Start of Data for this task

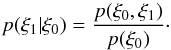 Mathematical equation: \appendix \setcounter{section}{2} \begin{equation} p(\xi_1|\xi_0) = \frac{p(\xi_0,\xi_1)}{p(\xi_0)}\cdot \label{eq:p_cond_from_joint} \end{equation}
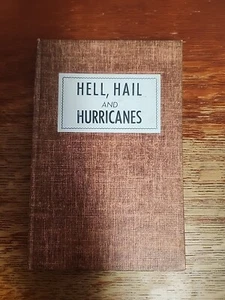 Hell, Hail and Hurricanes by William Willis, Poems of the Sea 1953 Hardcover 1st - Picture 1 of 17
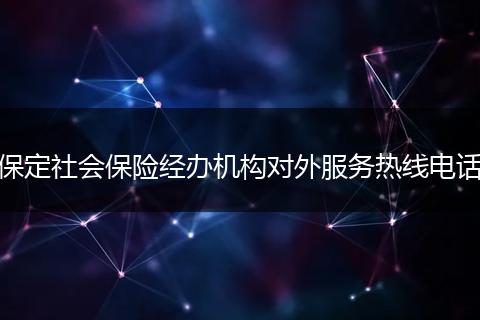 保定社会保险经办机构对外服务热线电话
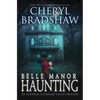 Belle Manor Haunting - Paperback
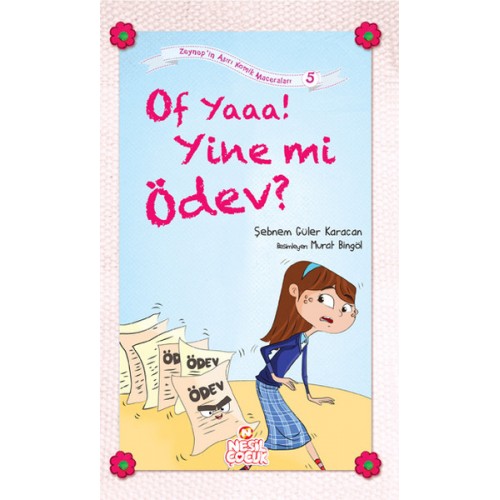 Of Yaaa! Yine mi Ödev?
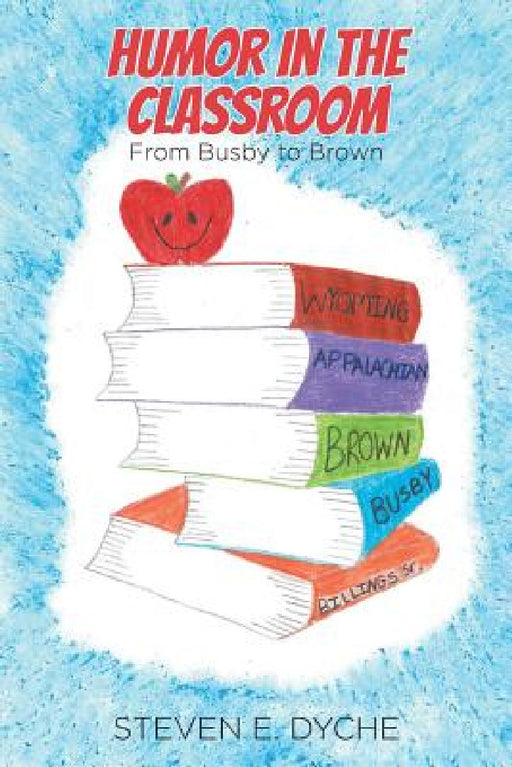 Humor in the Classroom: From Busby to Brown by Steven E. Dyche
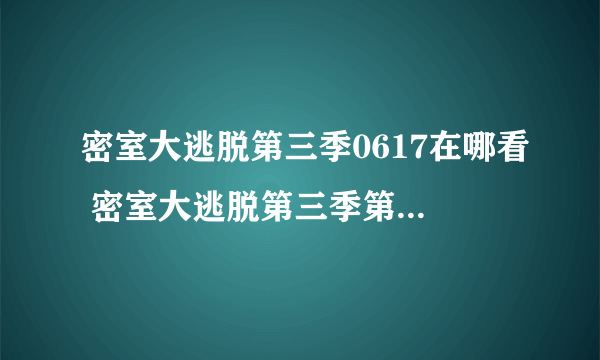 密室大逃脱第三季0617在哪看 密室大逃脱第三季第五期观看完整版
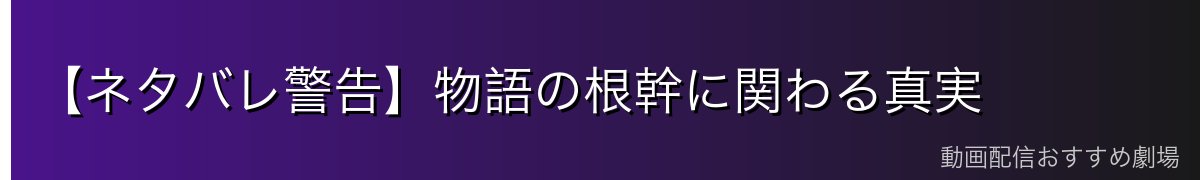 【ネタバレ警告】物語の根幹に関わる真実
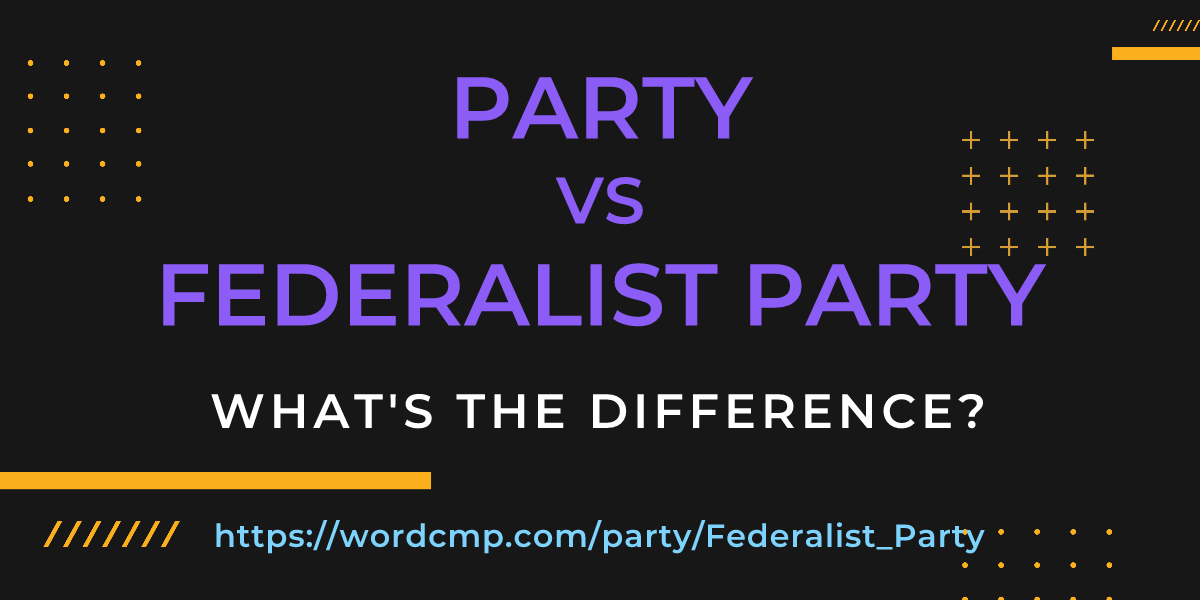 Difference between party and Federalist Party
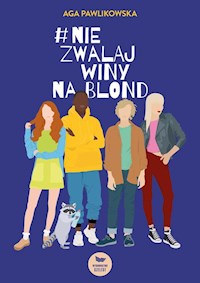 Nie zwalaj winy na blond - Pawlikowska Aga - ebook + książka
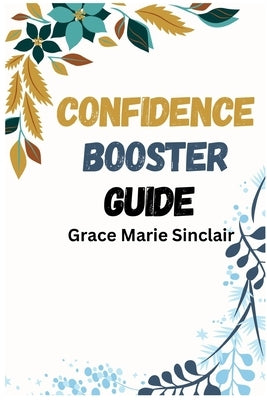 Confidence Booster Guide: Unleashing Your Inner Confidence for Success in Every Area of Life (2024 Crash Course) by Marie Sinclair, Grace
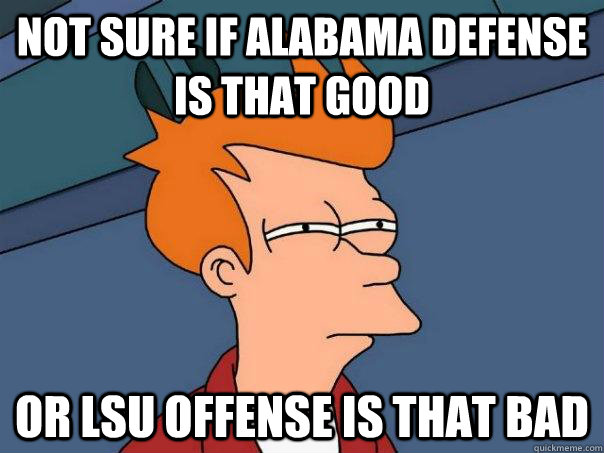 Not sure if alabama defense is that good Or lsu offense is that bad  Futurama Fry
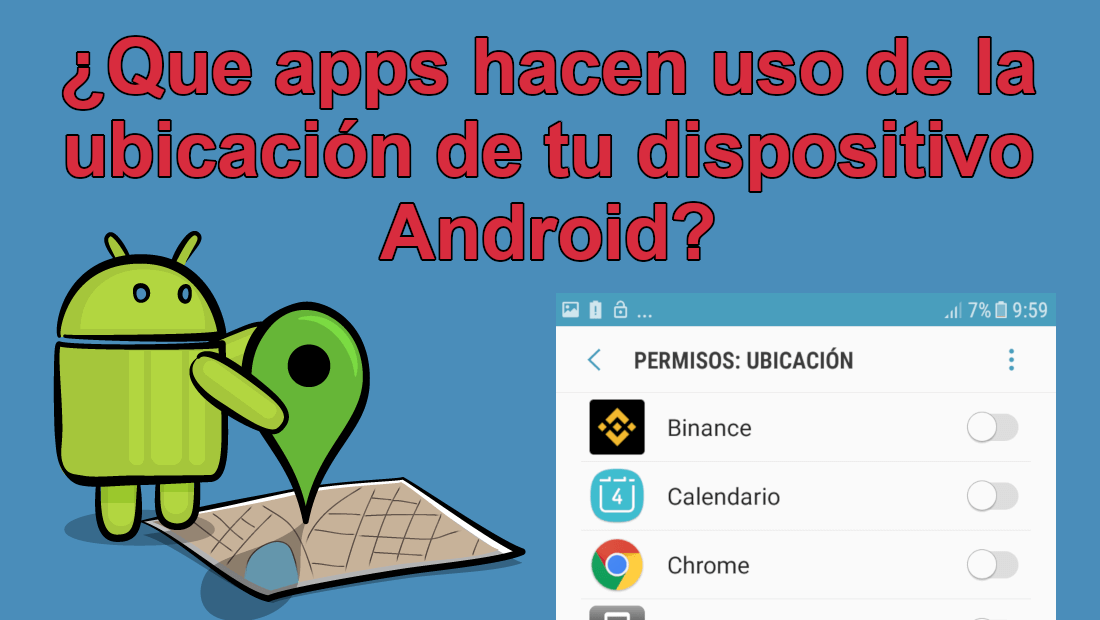 saber que apps hacen uso de la ubicacion de tu telefono Android
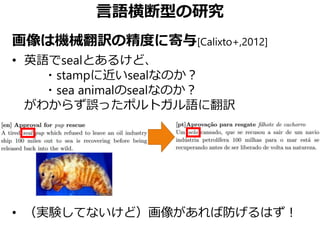 言語横断型の研究
画像は機械翻訳の精度に寄与[Calixto+,2012]
• 英語でsealとあるけど、
・stampに近いsealなのか？
・sea animalのsealなのか？
がわからず誤ったポルトガル語に翻訳
• （実験してないけど）画像があれば防げるはず！
 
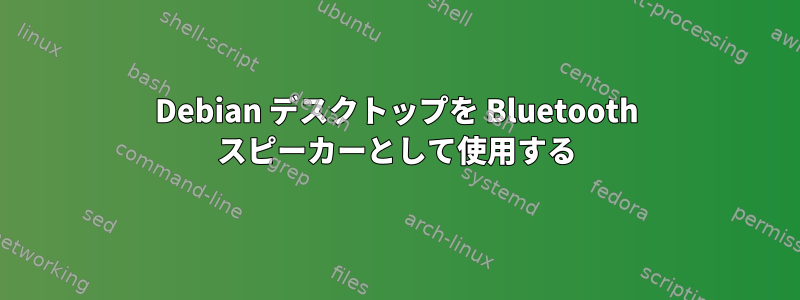 Debian デスクトップを Bluetooth スピーカーとして使用する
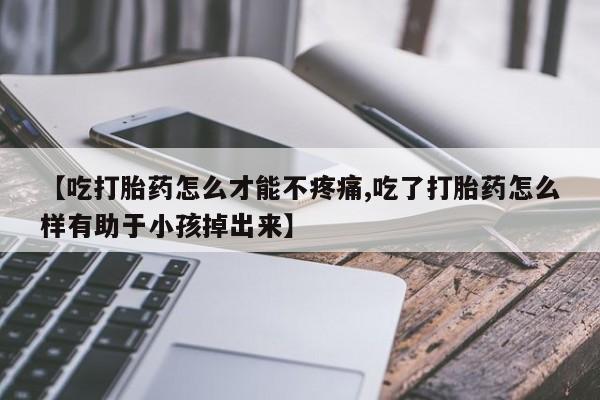 药流药使用【吃打胎药怎么才能不疼痛,吃了打胎药怎么样有助于小孩掉出来】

End of Data for this task

Exercise brief:
Everything above except the pictures needs to be reproduced exactly.

Task response:
 Mathematical equation: \appendix \setcounter{section}{2} \begin{equation} p(\xi_1|\xi_0) = \frac{p(\xi_0,\xi_1)}{p(\xi_0)}\cdot \label{eq:p_cond_from_joint} \end{equation}
 Hell, Hail and Hurricanes by William Willis, Poems of the Sea 1953 Hardcover 1st - Picture 1 of 17
 保定社会保险经办机构对外服务热线电话
 Belle Manor Haunting - Paperback
 Of Yaaa! Yine mi Ödev?
 Humor in the Classroom: From Busby to Brown by Steven E. Dyche
 密室大逃脱第三季0617在哪看 密室大逃脱第三季第五期观看完整版
 【ネタバレ警告】物語の根幹に関わる真実
 Difference between party and Federalist Party
 Nie zwalaj winy na blond - Pawlikowska Aga - ebook + książka
 Confidence Booster Guide: Unleashing Your Inner Confidence for Success in Every Area of Life (2024 Crash Course) by Marie Sinclair, Grace
 Not sure if alabama defense is that good Or lsu offense is that bad  Futurama Fry
 saber que apps hacen uso de la ubicacion de tu telefono Android
 言語横断型の研究
画像は機械翻訳の精度に寄与[Calixto+,2012]
• 英語でsealとあるけど、
・stampに近いsealなのか？
・sea animalのsealなのか？
がわからず誤ったポルトガル語に翻訳
• （実験してないけど）画像があれば防げるはず！
 
 Debian デスクトップを Bluetooth スピーカーとして使用する
 药流药使用【吃打胎药怎么才能不疼痛,吃了打胎药怎么样有助于小孩掉出来】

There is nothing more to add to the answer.